Why does TRIM require a new SATA command...

[glugglug]

In most (ALL?) modern OSes, memory pages newly assigned to a process are zero pages, both for performance (can use COW from a single reserved zero page) and for security (don't want to reuse a physical page containing data another process deallocated).

Newly created files (if created with non-zero size) are by default filled with zeroes just like newly allocated memory.

A full format writes zeros to the bulk of the drive.

IMHO a good SSD controller should be checking the data in each cluster before writing to see if it contains all zeros. If it does, it should be treated like a TRIM, and just remove the logical cluster from the logical -> physical mapping; don't really do the write. And to keep compatibility, whenever reading a cluster that has been trimmed in this manner, just return all zeros instead of an error.

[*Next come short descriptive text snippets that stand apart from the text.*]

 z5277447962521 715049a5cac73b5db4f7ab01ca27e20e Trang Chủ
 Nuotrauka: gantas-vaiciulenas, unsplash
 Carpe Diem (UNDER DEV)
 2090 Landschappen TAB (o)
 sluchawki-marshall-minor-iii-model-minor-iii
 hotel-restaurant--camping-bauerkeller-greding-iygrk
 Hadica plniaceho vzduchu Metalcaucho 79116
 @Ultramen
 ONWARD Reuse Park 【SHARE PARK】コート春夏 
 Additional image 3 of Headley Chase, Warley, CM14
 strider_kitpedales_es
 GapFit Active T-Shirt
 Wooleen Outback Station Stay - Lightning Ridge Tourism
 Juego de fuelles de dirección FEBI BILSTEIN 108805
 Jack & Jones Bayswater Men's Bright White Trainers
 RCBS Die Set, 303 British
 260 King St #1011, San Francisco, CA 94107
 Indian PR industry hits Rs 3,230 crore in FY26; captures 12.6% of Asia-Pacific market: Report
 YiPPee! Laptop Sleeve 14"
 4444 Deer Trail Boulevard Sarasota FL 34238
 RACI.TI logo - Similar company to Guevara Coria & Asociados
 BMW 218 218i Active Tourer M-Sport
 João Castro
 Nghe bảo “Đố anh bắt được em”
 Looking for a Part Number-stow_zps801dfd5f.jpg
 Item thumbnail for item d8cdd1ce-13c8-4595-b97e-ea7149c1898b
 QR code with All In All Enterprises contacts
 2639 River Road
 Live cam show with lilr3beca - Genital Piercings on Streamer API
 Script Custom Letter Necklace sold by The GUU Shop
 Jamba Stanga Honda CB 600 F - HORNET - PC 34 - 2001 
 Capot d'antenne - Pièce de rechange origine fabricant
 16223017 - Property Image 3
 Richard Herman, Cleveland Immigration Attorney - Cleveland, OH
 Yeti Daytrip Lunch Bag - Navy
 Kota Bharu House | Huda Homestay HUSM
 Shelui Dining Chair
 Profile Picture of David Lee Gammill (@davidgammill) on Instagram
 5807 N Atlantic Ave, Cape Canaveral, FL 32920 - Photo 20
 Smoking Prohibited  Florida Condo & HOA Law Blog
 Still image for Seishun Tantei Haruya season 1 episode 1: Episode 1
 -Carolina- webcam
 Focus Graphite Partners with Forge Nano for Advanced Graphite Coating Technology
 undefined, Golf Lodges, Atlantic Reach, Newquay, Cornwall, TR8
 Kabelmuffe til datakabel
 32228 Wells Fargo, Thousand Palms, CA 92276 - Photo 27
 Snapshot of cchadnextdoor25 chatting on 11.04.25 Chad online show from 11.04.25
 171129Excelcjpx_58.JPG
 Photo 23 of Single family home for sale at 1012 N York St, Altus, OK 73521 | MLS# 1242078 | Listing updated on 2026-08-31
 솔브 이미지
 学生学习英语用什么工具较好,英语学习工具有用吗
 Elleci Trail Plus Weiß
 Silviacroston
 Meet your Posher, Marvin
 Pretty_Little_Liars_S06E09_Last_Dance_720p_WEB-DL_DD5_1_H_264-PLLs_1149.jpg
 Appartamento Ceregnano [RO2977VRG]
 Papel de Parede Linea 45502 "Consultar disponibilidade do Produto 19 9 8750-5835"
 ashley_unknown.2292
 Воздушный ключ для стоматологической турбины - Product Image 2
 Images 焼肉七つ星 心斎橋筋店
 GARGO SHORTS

I realize this would use more SATA bandwidth than an explicit TRIM command, and add a tiny bit of extra overhead for the controller to do the check - although we are talking about a really tiny amount of extra overhead - if the cluster isn't all zeroes this should usually be detected on the first few bytes. But there would be several advantages:

1. Blocks not to write would get naturally detected in situations where the OS would not normally be issuing a TRIM command, i.e. new memory mapped file created, or file pre-allocation turned on in Azureus.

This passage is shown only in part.